INFORMATION PROVIDED:
================
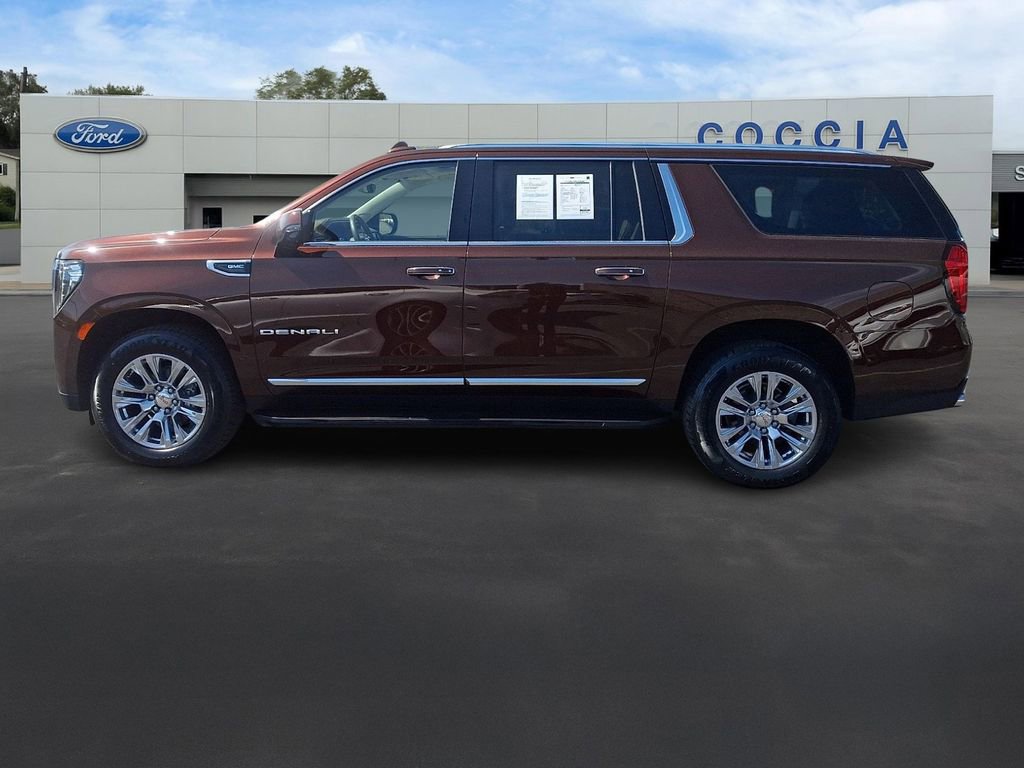 Used 2023 GMC Yukon XL Denali w/ LPO, Floor Liner Package AWD/4WD image 2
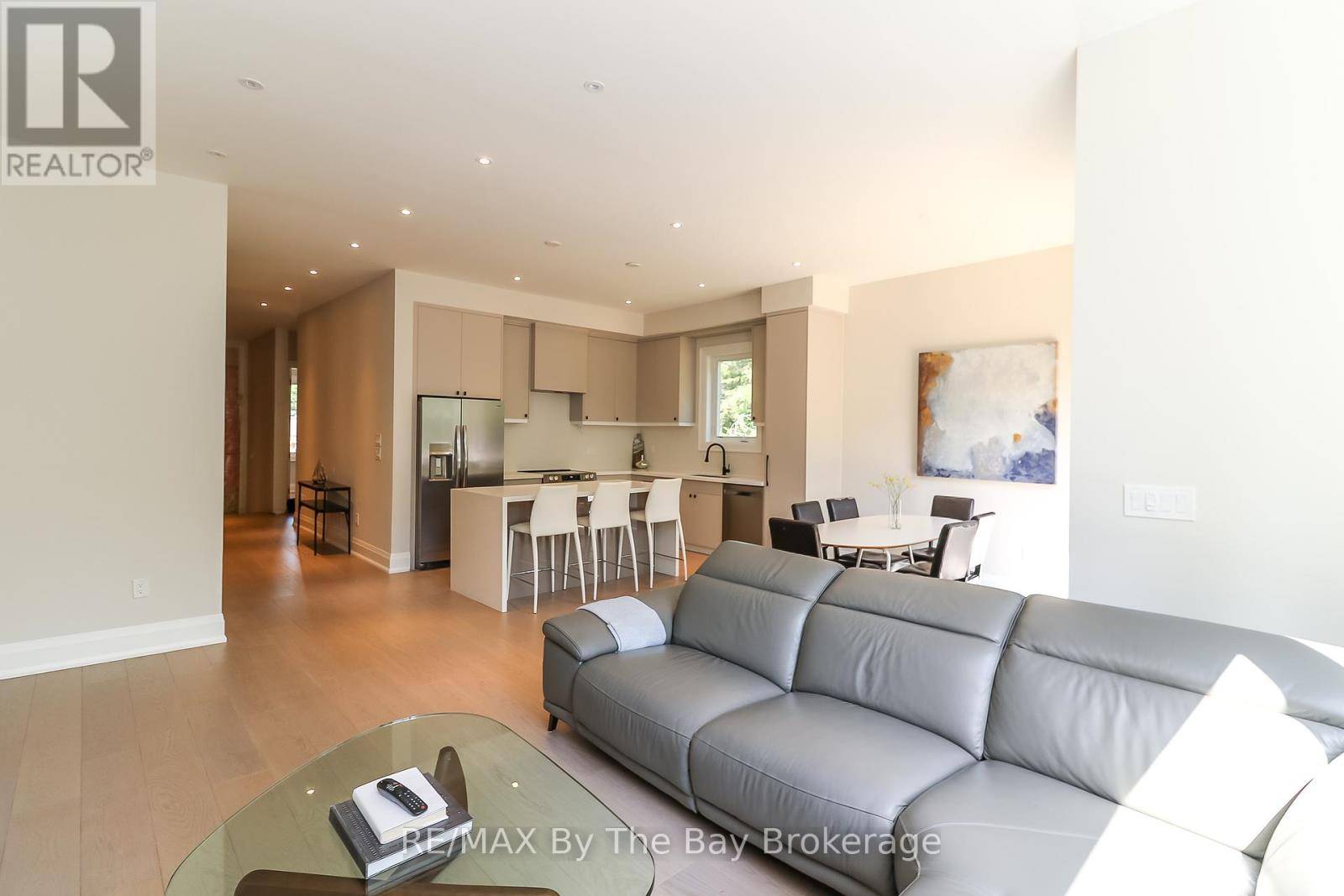 Wasaga Beach, ON L9Z1Y3,35 48TH STREET N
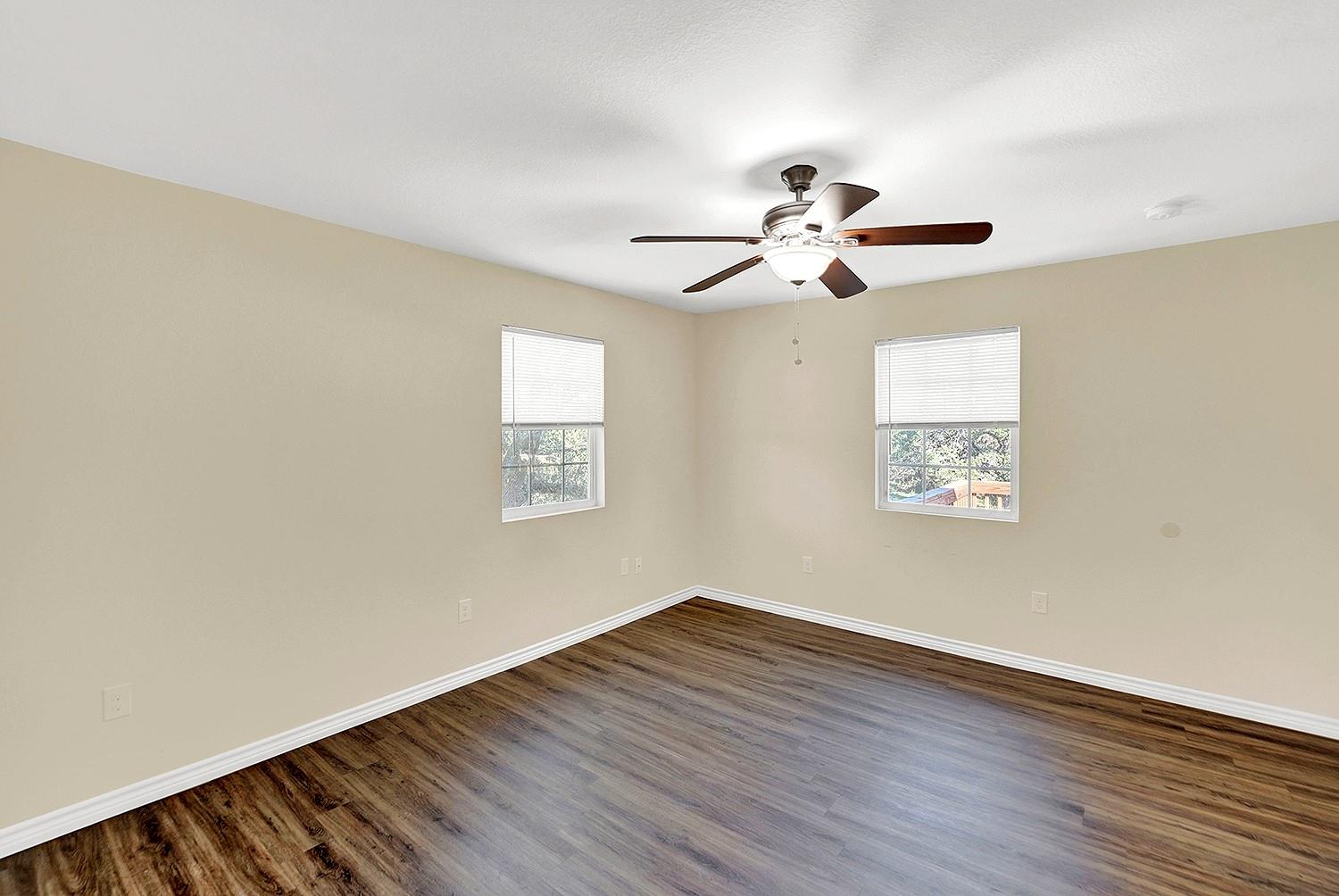207 Oakwood Loop, San Marcos, TX 78666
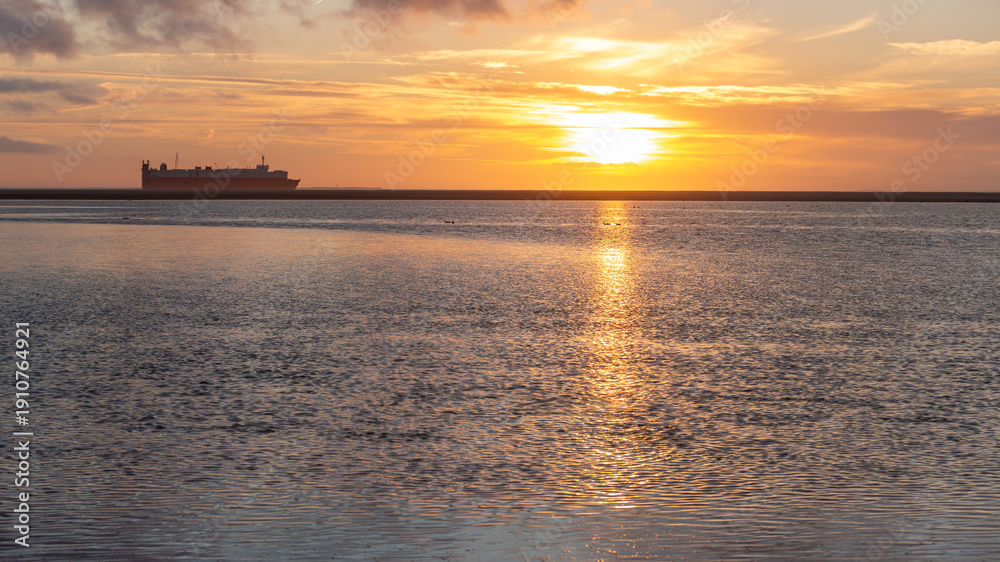 Fototapeta premium Sonnenuntergang an der Nordsee, auf dem winterlichen Borkum 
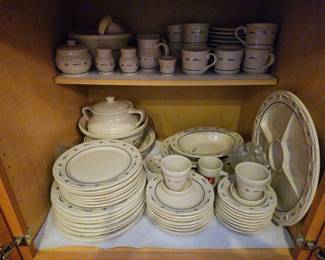 Longaberger dinnerware and serving pieces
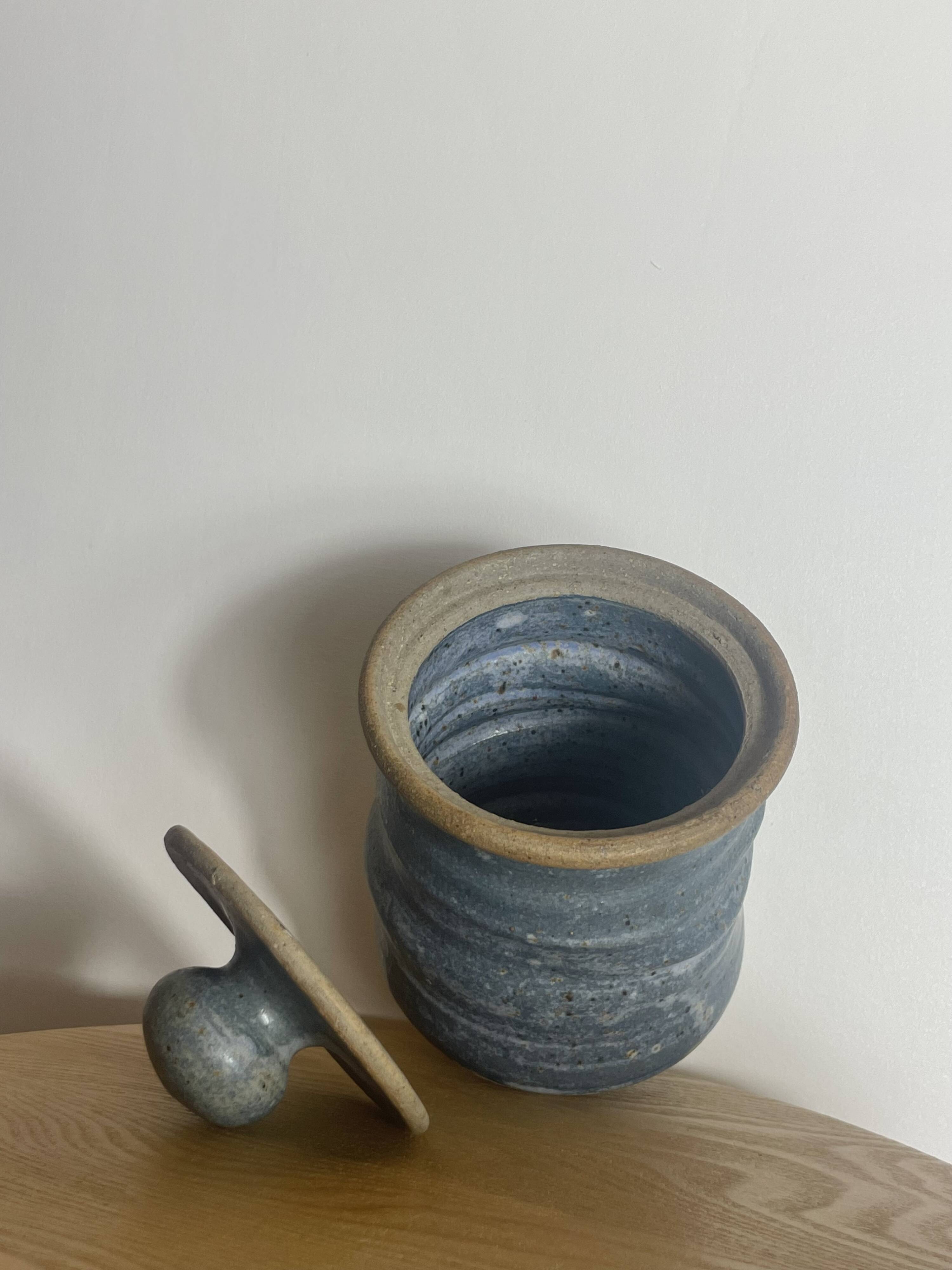 Ceramic pot with movement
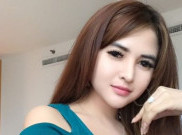 Deretan Pose Cantik Aldira Chena yang Bikin Mata Adem, Nomor 5 Bikin Terkejut  
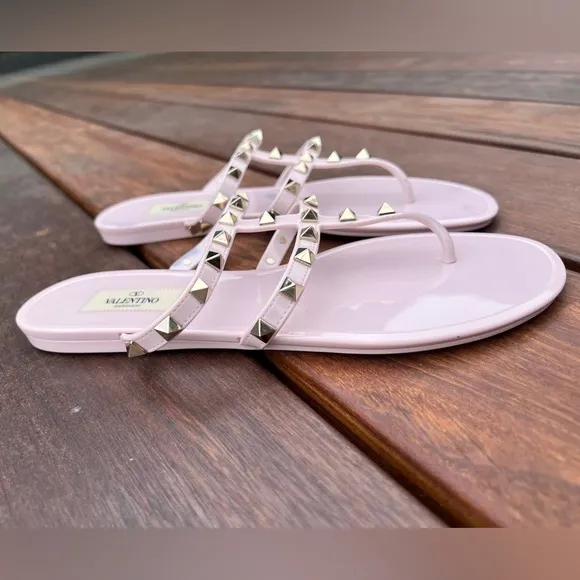 VALENTINO GARAVANI Rockstud Jelly Studded Caged Thong Sandals Pink Size 39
================
REQUIRED ACTION: The output is the data above, repeated exactly, with pictures omitted.

ANSWER SECTION:
 Used 2023 GMC Yukon XL Denali w/ LPO, Floor Liner Package AWD/4WD image 2
 Wasaga Beach, ON L9Z1Y3,35 48TH STREET N
207 Oakwood Loop, San Marcos, TX 78666
 Fototapeta premium Sonnenuntergang an der Nordsee, auf dem winterlichen Borkum 
 Longaberger dinnerware and serving pieces
 Ceramic pot with movement
 Deretan Pose Cantik Aldira Chena yang Bikin Mata Adem, Nomor 5 Bikin Terkejut  
 VALENTINO GARAVANI Rockstud Jelly Studded Caged Thong Sandals Pink Size 39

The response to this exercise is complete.